Even if that meant trusting herself to an Arrow who was a weapon more deadly than any gun.
Chapter 9
The protection of Silence is the mandate of every Arrow. Execution of those who would challenge the Protocol will, at times, be necessary. Do not hesitate to take terminal action, for in so doing you protect our people from annihilation.
VASIC ’PORTED INTO the cell where he’d thrown one of Ivy’s attackers, the other in the cell opposite. Located in the bowels of Arrow Central Command, the cell was a solid square block with no door, teleportation the only way to enter or exit. Regardless of the fact that neither assailant was teleport-capable, Vasic had used a squad mental trick to temporarily leash their psychic abilities; it ensured they couldn’t ’path for assistance or use the PsyNet to send a message.

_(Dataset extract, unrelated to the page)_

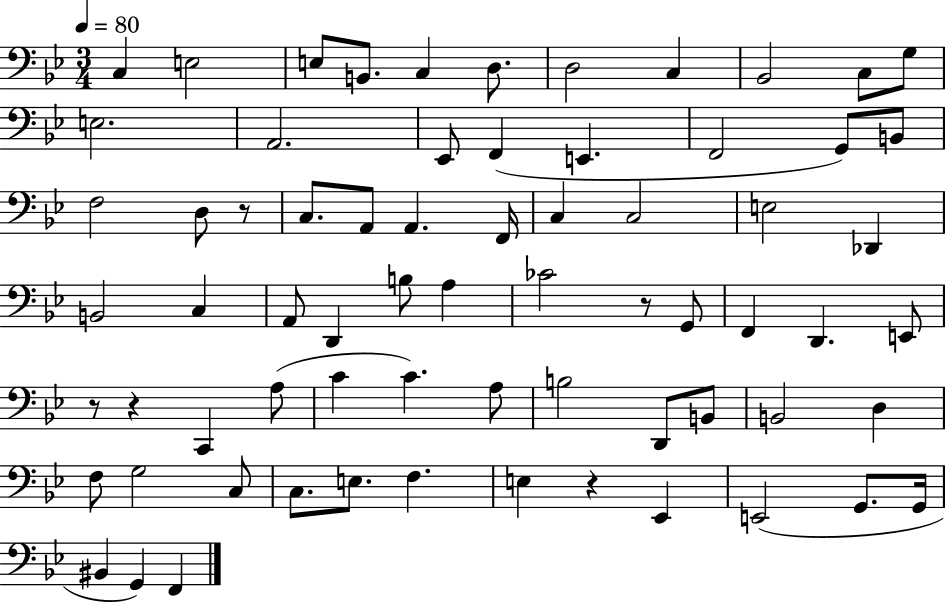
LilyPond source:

He hadn’t lied to Ivy. Neither was dead.
“Help me!” screamed the one whose arms Vasic had broken, his face heavily bruised from being smashed into the wall.
“You won’t die of those injuries,” Vasic said, just as Abbot teleported in with Aden.
A nod from Aden and Abbot left them alone.
You need to leave, too. Aden’s voice in Vasic’s head as the other man took over the psychic leash. Go.
Ivy is at risk.
I’ll get you the information. Your task is to keep her safe.
Again, Aden was attempting to put Vasic on soft duty.
Having never shifted his gaze from the assailant who’d smashed open Ivy’s door, Vasic went down on his haunches in front of the injured male. “Stop,” he said quietly, and the man went silent, terror a slick sheen in his eyes.